* _Description of the task_
Would you retype all of these records exactly?

* _Data to examine_
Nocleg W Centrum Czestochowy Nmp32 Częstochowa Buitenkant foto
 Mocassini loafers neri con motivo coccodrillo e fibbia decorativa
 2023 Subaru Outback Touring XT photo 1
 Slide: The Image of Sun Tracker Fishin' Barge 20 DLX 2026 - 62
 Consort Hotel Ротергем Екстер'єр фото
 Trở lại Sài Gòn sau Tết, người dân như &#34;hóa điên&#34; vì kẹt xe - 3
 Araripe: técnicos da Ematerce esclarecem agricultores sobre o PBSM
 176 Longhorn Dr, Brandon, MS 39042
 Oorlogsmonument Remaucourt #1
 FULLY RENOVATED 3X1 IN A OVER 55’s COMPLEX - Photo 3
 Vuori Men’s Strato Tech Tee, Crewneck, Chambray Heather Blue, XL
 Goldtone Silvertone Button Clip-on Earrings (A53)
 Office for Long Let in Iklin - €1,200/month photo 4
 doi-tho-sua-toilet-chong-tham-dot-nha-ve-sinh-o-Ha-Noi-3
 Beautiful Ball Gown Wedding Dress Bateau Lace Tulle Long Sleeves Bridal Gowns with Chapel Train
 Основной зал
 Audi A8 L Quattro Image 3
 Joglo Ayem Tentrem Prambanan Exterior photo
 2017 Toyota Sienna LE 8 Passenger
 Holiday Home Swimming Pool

* _Exercise answer_
Nocleg W Centrum Czestochowy Nmp32 Częstochowa Buitenkant foto
 Mocassini loafers neri con motivo coccodrillo e fibbia decorativa
 2023 Subaru Outback Touring XT photo 1
 Slide: The Image of Sun Tracker Fishin' Barge 20 DLX 2026 - 62
 Consort Hotel Ротергем Екстер'єр фото
 Trở lại Sài Gòn sau Tết, người dân như &#34;hóa điên&#34; vì kẹt xe - 3
 Araripe: técnicos da Ematerce esclarecem agricultores sobre o PBSM
 176 Longhorn Dr, Brandon, MS 39042
 Oorlogsmonument Remaucourt #1
 FULLY RENOVATED 3X1 IN A OVER 55’s COMPLEX - Photo 3
 Vuori Men’s Strato Tech Tee, Crewneck, Chambray Heather Blue, XL
 Goldtone Silvertone Button Clip-on Earrings (A53)
 Office for Long Let in Iklin - €1,200/month photo 4
 doi-tho-sua-toilet-chong-tham-dot-nha-ve-sinh-o-Ha-Noi-3
 Beautiful Ball Gown Wedding Dress Bateau Lace Tulle Long Sleeves Bridal Gowns with Chapel Train
 Основной зал
 Audi A8 L Quattro Image 3
 Joglo Ayem Tentrem Prambanan Exterior photo
 2017 Toyota Sienna LE 8 Passenger
 Holiday Home Swimming Pool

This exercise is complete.